ACTIVITY: Ignoring pictures, transcribe exactly the lines between the one containing "Nuovo Design a" and the end of the material, both included.

MATERIAL PROVIDED:
---*---

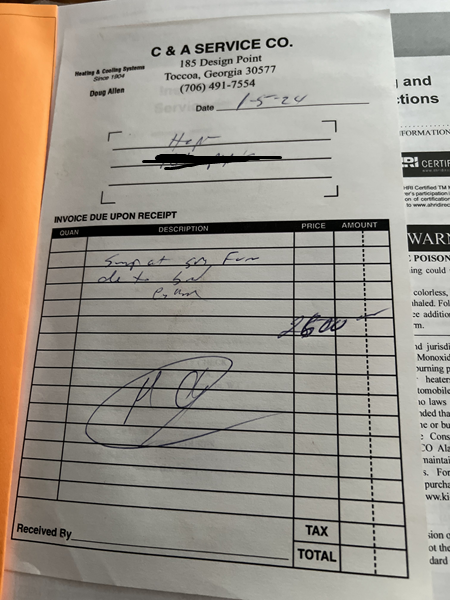 receipt for new furnace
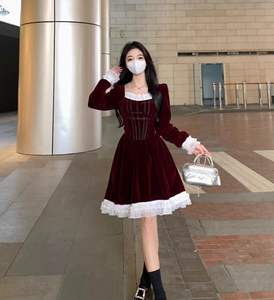 Nuovo Design a <span class=keywords><strong>manica</strong></span> <span class=keywords><strong>lunga</strong></span> alla moda abiti eleganti da donna in pizzo - Product Image 1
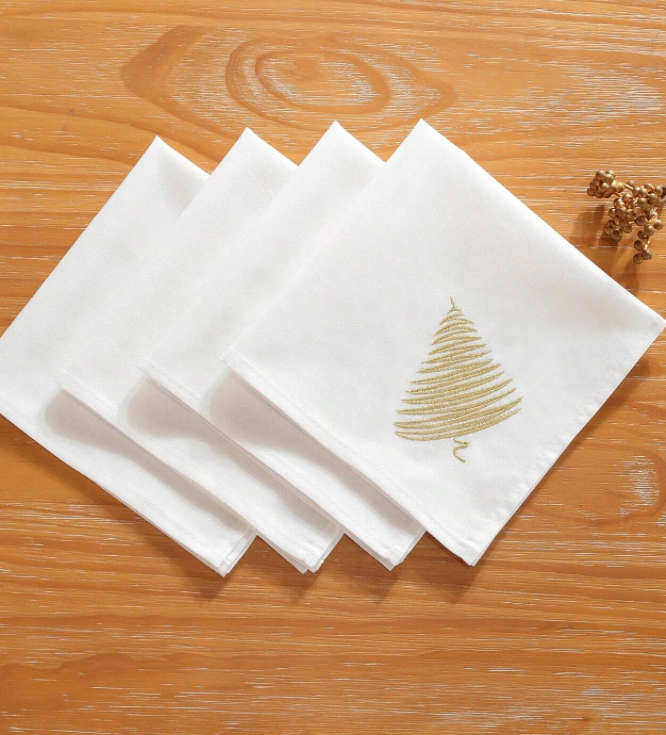 Elegant Embroidered Napkins (Set of 4)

---*---

YOUR SOLUTION:
 Nuovo Design a <span class=keywords><strong>manica</strong></span> <span class=keywords><strong>lunga</strong></span> alla moda abiti eleganti da donna in pizzo - Product Image 1
 Elegant Embroidered Napkins (Set of 4)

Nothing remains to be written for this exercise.